Thursday, February 26, 2015

How The Possibility Project builds leaders in our community

Posted By on Thu, Feb 26, 2015 at 3:08 PM

Editor's Note: This story is a part of an ongoing series about the local nonprofit world, thanks to a partnership with Give N Go. Give N Go's mission is to support established and emerging nonprofits by providing them with the tools to promote their causes effectively through traditional and nontraditional marketing.

Mildred D. Taylor, author of children’s books Roll of Thunder, Hear my Cry and The Land, once said, “So many things are possible as long as you don’t know they are impossible." This quote is the basis of what the nonprofit organization The Possibility Project stands for.
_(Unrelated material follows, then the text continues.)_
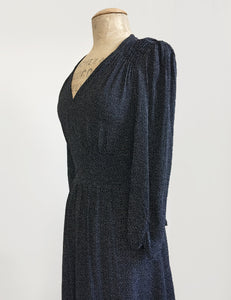 Black & White Pixie Dot 3/4 Sleeve Retro 40s Dress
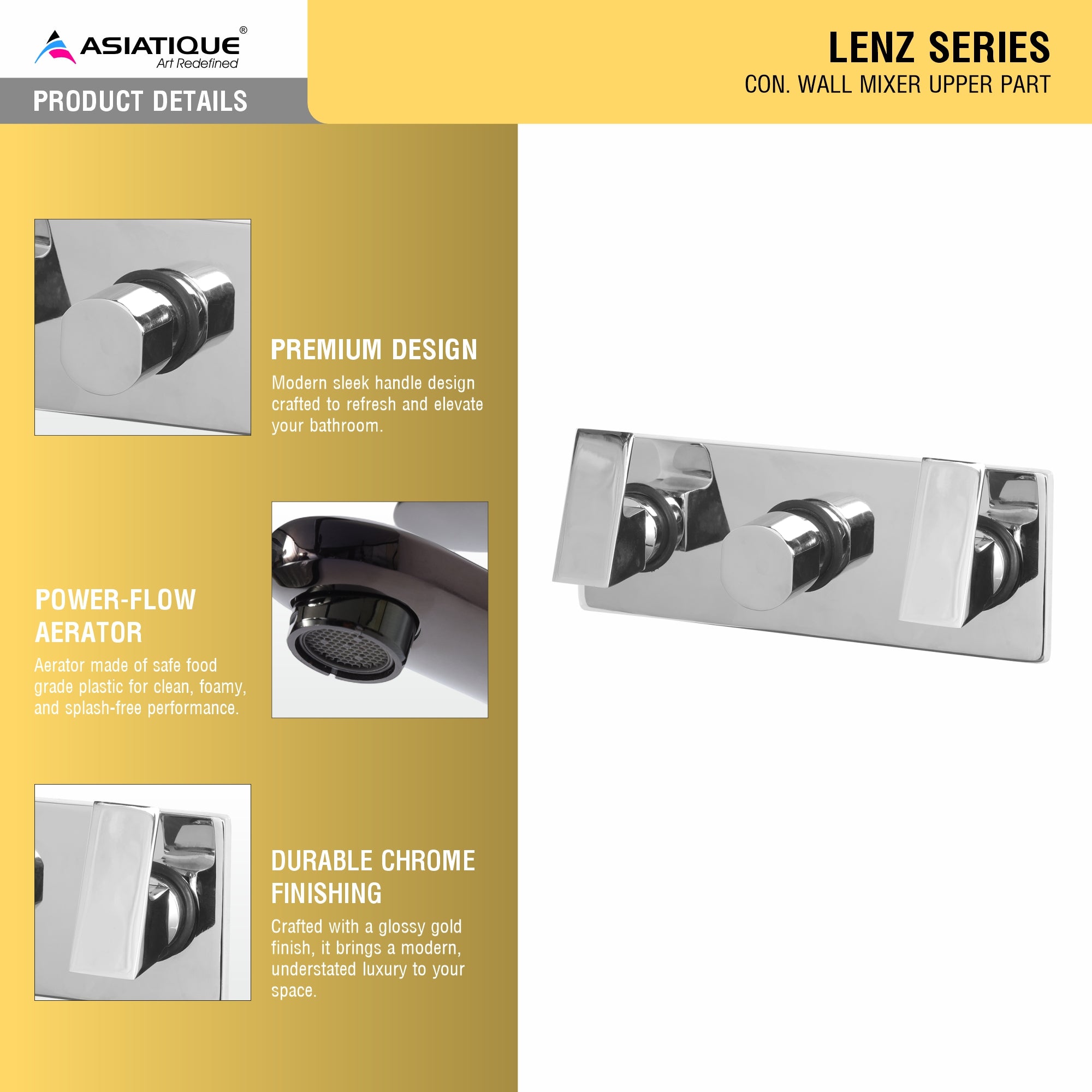 Asiatique Con. Wall Mixer Upper Part (L-029U), Lenz Series Premium CP Bath Fittings & Faucets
TPP is a leadership organization that focuses on making young people aware of their potential as community activists through performing arts. In its 14th year, managing and artistic director Nikkeia Wiler and her staff have focused on ways to give 50-60 teens per year, ages 13-19, an outlet to foster and enhance their creativity while focusing on utilizing their voices as socially responsible young adults.

TPP’s approach covers three basic points: awareness, arts and action. The full-year program culminates with a performance which is fully produced by the teens. (This year's takes place May 29-30 at Spirit Square’s McGlohon Theater. Visit for ticket information).

Wiler and assistant director Allen Bosbyshell, who is also an alum of the program, take the teens through 16 weeks of cultural activities that explore and discuss societal themes and concerns. These workshops are designed to refine their leadership qualities; to increase their understanding of cross-cultural issues; and to develop the participants’ ownership in creating the future.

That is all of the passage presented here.